= Tom Clegg (actor) =

British actor

Tom Clegg was an English actor, who had a number of small roles in film and television during the 1950s, 1960s and 1970s. He is known for appearing in a number of Carry On films, especially Carry On Screaming!, where he played the role of Oddbod.

==Biography==
Born in Hackney, Clegg was first a member of the Household Cavalry. From 1937 to 1943, he was a professional boxer (using the name Tommy Clegg), taking part in 14 professional contests before getting into films as a stuntman in films such as Ivanhoe (1952).

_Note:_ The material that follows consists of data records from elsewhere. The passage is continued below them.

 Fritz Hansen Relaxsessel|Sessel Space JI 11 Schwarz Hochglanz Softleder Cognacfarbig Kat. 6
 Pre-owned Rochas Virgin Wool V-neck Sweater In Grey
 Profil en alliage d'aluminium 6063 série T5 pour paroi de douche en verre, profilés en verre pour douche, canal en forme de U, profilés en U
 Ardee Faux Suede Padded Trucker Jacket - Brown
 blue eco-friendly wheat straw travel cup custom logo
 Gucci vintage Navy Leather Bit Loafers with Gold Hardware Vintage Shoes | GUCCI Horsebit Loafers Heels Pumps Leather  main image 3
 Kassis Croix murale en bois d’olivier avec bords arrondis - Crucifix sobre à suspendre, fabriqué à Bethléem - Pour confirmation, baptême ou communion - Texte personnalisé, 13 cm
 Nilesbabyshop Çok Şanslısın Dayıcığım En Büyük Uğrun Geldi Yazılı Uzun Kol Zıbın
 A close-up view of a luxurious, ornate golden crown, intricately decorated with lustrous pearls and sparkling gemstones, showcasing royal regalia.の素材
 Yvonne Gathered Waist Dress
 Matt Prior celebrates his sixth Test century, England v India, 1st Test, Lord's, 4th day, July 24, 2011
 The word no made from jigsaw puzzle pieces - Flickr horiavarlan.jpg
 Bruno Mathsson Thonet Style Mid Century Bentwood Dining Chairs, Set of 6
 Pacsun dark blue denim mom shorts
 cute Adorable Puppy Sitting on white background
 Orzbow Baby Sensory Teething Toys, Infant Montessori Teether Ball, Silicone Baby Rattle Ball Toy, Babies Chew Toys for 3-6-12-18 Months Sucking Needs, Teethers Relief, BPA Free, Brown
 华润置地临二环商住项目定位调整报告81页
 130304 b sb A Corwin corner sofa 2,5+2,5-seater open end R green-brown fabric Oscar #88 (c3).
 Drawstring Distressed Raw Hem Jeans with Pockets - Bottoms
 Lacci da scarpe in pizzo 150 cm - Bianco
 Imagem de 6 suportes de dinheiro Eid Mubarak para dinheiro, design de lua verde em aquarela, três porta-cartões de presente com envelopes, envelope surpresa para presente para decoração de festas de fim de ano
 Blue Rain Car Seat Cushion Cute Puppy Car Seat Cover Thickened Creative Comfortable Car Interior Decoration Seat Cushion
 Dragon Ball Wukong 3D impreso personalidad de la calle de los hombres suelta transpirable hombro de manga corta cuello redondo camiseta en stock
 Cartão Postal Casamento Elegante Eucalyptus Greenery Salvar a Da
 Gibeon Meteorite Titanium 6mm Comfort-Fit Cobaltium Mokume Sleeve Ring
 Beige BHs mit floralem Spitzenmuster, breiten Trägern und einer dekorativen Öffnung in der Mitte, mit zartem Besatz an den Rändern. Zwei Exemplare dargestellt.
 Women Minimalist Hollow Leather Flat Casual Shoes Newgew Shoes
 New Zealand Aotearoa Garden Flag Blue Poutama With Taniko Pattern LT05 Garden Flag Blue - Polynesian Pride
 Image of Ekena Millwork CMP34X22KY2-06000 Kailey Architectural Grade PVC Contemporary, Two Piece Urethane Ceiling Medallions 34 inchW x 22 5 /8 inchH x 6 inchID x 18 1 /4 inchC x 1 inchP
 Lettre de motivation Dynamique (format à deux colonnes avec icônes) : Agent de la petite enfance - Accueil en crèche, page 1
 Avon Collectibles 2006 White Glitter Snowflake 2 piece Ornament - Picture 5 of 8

His size and tough guy persona led to film roles, including The Flanagan Boy (1953), The Fake (1953), John of the Fair (1954), The Stateless Man (1955), The Extra Day (1956), Moby Dick (1956), The Hideout (1956), Saint Joan (1957), Battle of the V-1 (1958), Mark of the Phoenix (1958), This Sporting Life (1963) and Thunderball (1965).

He was also cast as a number of toughs and henchmen on television, including supporting turns in Quatermass II, Sword of Freedom, The Four Just Men, Dixon of Dock Green, Adam Adamant Lives!, The Saint and The Sweeney.

His appearances in comedy series include Hancock's Half Hour (The Cold, Football Pools, The Big Night and The Two Murderers), The Benny Hill Show, Corrigan Blake, and Till Death Us Do Part. Comedic film roles include Raising the Wind (1961), Decline and Fall... of a Birdwatcher, and Great Catherine (both 1968).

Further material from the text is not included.